We observed eight fragments which appear to have behaved as hotspots of variation, in the sense that all or nearly all of the regenerated plants were altered in sequence or in methylation status in relation to the donor. Thus for example, the Acc65I profile of all regenerants included a fragment that was absent in the donor, while the same fragment was present in the KpnI profiles of both donor and regenerant. The events were classified as mixed (0100—100%; two 1000—100%), de-methylation (0111—100%), de novo methylation (1011—95%) and sequence change and three sequence (0001—100%; 0001—95%; 1010—95%) events.
An important finding is that nearly 95% of sites were faithfully transmitted to all the regenerant plants independently of how they were regenerated (via embryo or androgenesis). Interestingly, only ca. 12% of the sites remain stably methylated which is nearly seven times less than non-methylated ones. This data is comparable with that of (Chakrabarty, et al. 2003) who assessed the extent and pattern of cytosine methylation during somatic embryogenesis in Eleuterococcus senticosus, and showed that over 11% of sites were methylated in embryogenic callus tissue. Rather higher estimates of the extent of methylation have been obtained in rice (16%), and in embryo-derived oil palm (20%) by (Jaligot, et al. 2000).
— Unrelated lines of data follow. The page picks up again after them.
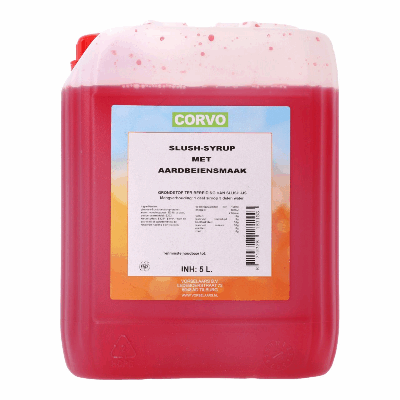 Corvo slush siroop framboos (5 liter)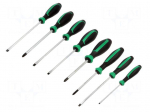 Screwdriver: universal-set | Phillips,slot | DRALL+ | 8pcs.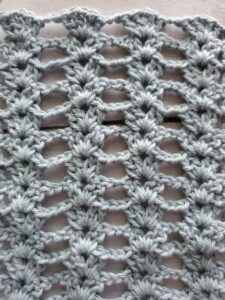 Lacy Double V Stitch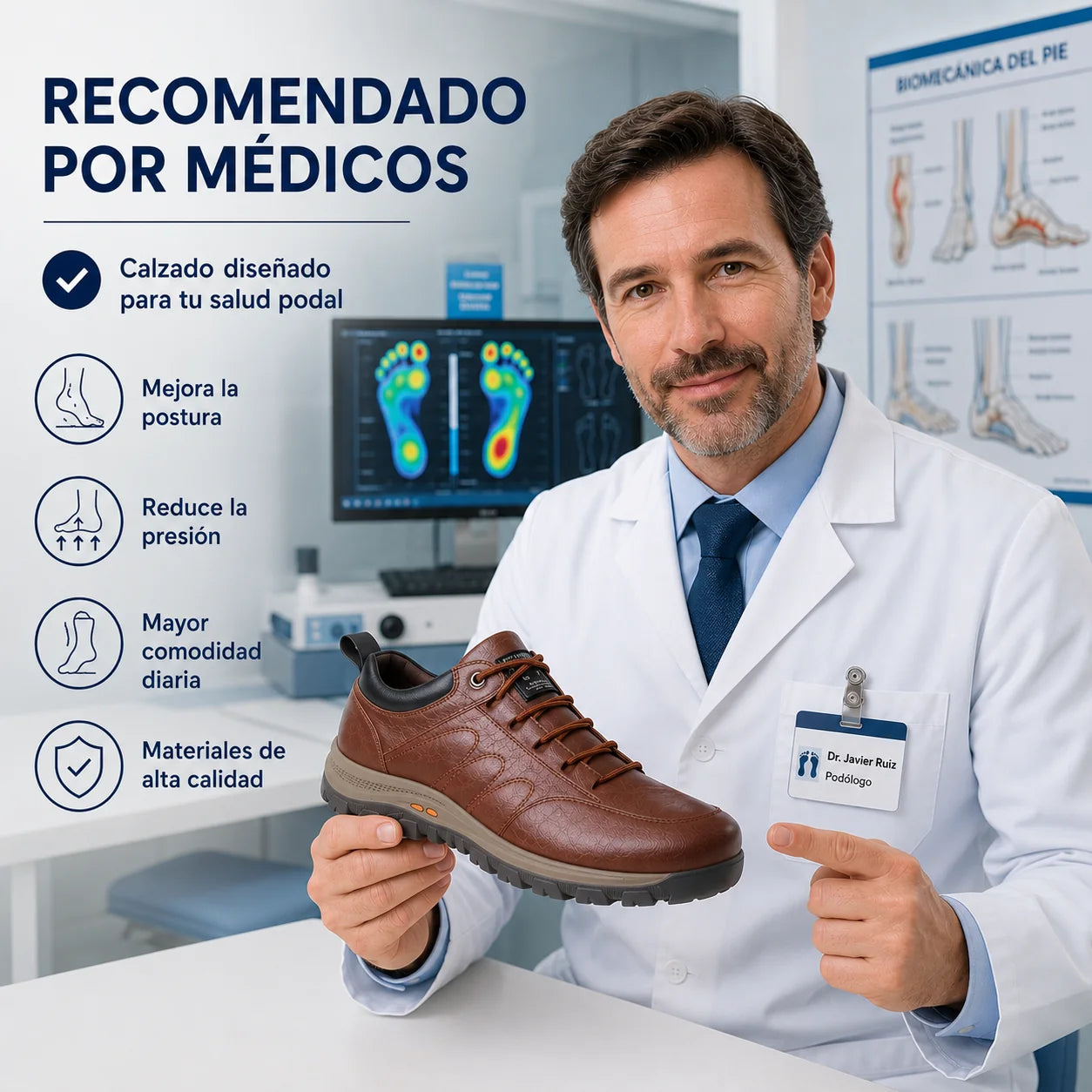 KEENPE® – Zapatos de piel auténtica cosidos a mano, cómodos y antideslizantes para el día a día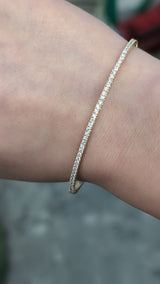 Flexible yellow Tennis Bracelet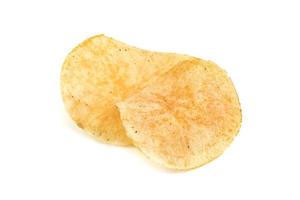 potato chips isolated on white background photo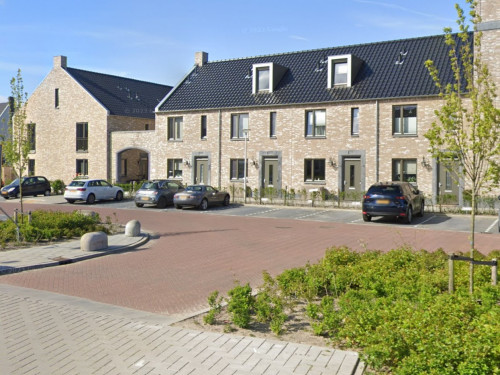 Foto van de locatie van de werkzaamheden in de Hermelijn in 's-Gravenzande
The strategy we have developed has allowed us to both quantify and qualify the tissue culture-induced variation in barley plants regenerated from embryos and microspores. We show that this occurs at a frequency of two magnitudes higher than the background rate associated with sexual reproduction, and have been able to partition the variation into changes in methylation state and sequence, to estimate the proportion of sites unaffected by variation, to distinguish between methylated and non-methylated sites, and to predict the appearance of bands with varying intensity. We may also examine changes that affected individual plants and specify the degree they may differ from the donor one. Although not attempted here we believe that by using specially designed selective primers it should be possible to differentiate among various types of methylation and thereby obtain some insight into sequence-variation defining whether it is induced by migration of mobile elements, by changes in microsatellite copy number or by mutations within functional genomic regions belonging to different protein families. We believe that our analytical approach is the first which can differentiate between the two major classes of tissue-induced epigenetic (methylation) and genetic (sequence mutation) variation, and provide a quantitative and qualitative description of their relative contribution. This represents a means to access tissue-induced variation among regenerants sharing a uniform phenotype. Moreover, after minor modifications the approach could be used to study inheritance of the tissue culture induced variation among progenies of the regenerants giving characteristics of somaclonal variation. It is possible to anticipate the development of this approach for the dissection of epigenetic inheritance.